During operation of the refrigeration circuit <NUM>, the refrigerant travels in a loop through the compressor <NUM>, the condenser <NUM>, the expansion device <NUM>, and the first and second evaporators <NUM>, <NUM>. While operating the refrigeration circuit <NUM>, it is possible that a refrigerant leak may develop in one or both of the first and second evaporators <NUM>, <NUM> or with adjacent connections to the first and second evaporators <NUM>, <NUM> in the first and second enclosure <NUM>, <NUM>, respectively.

A refrigerant leak in either of the first or second evaporators <NUM>, <NUM> or in the surrounding structure will be detected by either a first refrigerant sensor <NUM> located in the first enclosure <NUM> or a second refrigerant sensor <NUM> located in the second enclosure <NUM>. In the illustrated non-limiting example, the first and second refrigerant sensors <NUM>, <NUM> are located in the first and second enclosures <NUM>, <NUM>, adjacent the first and second enclosure outlets <NUM>, <NUM>, respectively, in order to be exposed to a greater amount of fluid traveling through the first and second enclosures <NUM>, <NUM>. The first and second refrigerant sensors <NUM>, <NUM> detect the presence of refrigerant in the atmosphere of the first and second enclosures, <NUM>, <NUM>.

When a refrigerant leak is detected by the first refrigerant sensor <NUM>, a signal is sent to the controller <NUM> and the controller <NUM> sends a signal to close a first evaporator inlet shut-off valve <NUM> and a first evaporator outlet shut-off valve <NUM> in the refrigeration circuit <NUM>. The controller <NUM> also sends a signal to stop the first fan <NUM> when shutting the first evaporator inlet and outlet shut-off valves <NUM>, <NUM>. By closing the first evaporator inlet and outlet shut-off valves <NUM>, <NUM>, which are located outside of the single distinct compartment <NUM>, the amount of refrigerant that can leak into the single distinct compartment <NUM> is limited to the amount of refrigerant located between the first evaporator inlet and outlet shut-off valves <NUM>, <NUM>. When the first evaporator inlet and outlet shut-off valves <NUM>, <NUM> are closed, the first evaporator <NUM> becomes fluidly isolated from the rest of the refrigeration circuit <NUM>.

Similarly, when a refrigerant leak is detected by the second refrigerant sensor <NUM>, a signal is sent to the controller <NUM> and the controller <NUM> sends a signal to close a second evaporator inlet shut-off valve <NUM> and a second evaporator outlet shut-off valve <NUM> in the refrigeration circuit <NUM>. The controller <NUM> also sends a signal to stop the second fan <NUM> when shutting the second evaporator inlet and outlet shutoff valves <NUM>, <NUM>. By closing the second evaporator inlet and outlet shut-off valves <NUM>, <NUM>, which are located outside of the single distinct compartment <NUM>, the amount of refrigerant that can leak into the single distinct compartment <NUM> is limited to the amount of refrigerant located between the second evaporator inlet and outlet shut-off valves <NUM>, <NUM>. When the second evaporator inlet and outlet shut-off valves <NUM>, <NUM> are closed, the second evaporator <NUM> becomes fluidly isolated from the rest of the refrigeration circuit <NUM>.

In the illustrated example, the first evaporator inlet and outlet shut-off valves <NUM>, <NUM> and the second evaporator inlet and outlet shut-off valves <NUM>, <NUM> are solenoid valves.
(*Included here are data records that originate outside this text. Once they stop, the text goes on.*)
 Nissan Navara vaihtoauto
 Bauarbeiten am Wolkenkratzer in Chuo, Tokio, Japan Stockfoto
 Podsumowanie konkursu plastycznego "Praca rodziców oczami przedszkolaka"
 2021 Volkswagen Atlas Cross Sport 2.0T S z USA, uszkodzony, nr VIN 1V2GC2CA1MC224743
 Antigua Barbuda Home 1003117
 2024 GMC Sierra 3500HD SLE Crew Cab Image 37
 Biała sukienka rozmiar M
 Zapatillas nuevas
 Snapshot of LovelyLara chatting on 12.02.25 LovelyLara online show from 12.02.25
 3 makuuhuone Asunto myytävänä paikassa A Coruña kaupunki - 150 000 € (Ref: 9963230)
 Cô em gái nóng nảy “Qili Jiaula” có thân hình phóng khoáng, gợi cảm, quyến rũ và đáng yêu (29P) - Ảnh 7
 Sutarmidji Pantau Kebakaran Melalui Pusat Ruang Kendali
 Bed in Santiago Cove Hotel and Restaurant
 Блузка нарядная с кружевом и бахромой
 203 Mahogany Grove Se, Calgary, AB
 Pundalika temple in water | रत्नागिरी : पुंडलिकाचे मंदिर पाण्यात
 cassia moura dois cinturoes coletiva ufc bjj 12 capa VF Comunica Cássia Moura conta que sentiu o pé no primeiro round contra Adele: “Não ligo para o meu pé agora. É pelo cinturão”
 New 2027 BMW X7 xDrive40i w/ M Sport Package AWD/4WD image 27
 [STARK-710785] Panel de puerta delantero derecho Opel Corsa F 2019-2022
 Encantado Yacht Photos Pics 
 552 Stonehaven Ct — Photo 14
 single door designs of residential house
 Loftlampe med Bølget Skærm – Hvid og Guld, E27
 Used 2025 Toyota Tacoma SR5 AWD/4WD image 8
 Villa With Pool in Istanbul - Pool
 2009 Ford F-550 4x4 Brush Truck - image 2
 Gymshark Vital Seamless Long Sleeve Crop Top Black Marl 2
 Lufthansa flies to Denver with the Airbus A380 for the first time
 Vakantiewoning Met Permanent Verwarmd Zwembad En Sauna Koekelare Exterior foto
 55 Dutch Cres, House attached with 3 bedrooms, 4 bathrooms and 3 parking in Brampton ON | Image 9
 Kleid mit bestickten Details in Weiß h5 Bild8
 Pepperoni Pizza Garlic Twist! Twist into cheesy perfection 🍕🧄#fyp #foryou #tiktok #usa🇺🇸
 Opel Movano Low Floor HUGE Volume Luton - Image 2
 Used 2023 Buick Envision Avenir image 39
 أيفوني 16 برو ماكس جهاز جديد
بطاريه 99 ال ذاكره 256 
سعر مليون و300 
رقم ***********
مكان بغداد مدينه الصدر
However, other types of valves could be used in place of the solenoid valves.

The isolating function of the first evaporator inlet and outlet shut-off valves <NUM>, <NUM> and the second evaporator inlet and outlet shut-off valves <NUM>, <NUM> allows the non-isolated evaporator to continue to function in the refrigeration circuit <NUM> and maintain the single distinct compartment <NUM> desired operating temperature. If the single compartment <NUM> desired operating temperature cannot be maintained due to operating at a reduced capacity with only a single evaporator, the amount of time before the single distinct compartment <NUM> reaches a temperature that is undesirable for the goods in the single distinct compartment <NUM> is extended such that the chance of damaging the goods is reduced. If the refrigeration circuit <NUM> enters any of the isolation modes discussed above, the controller <NUM> will provide an alarm or display a message indicating that a leak has occurred.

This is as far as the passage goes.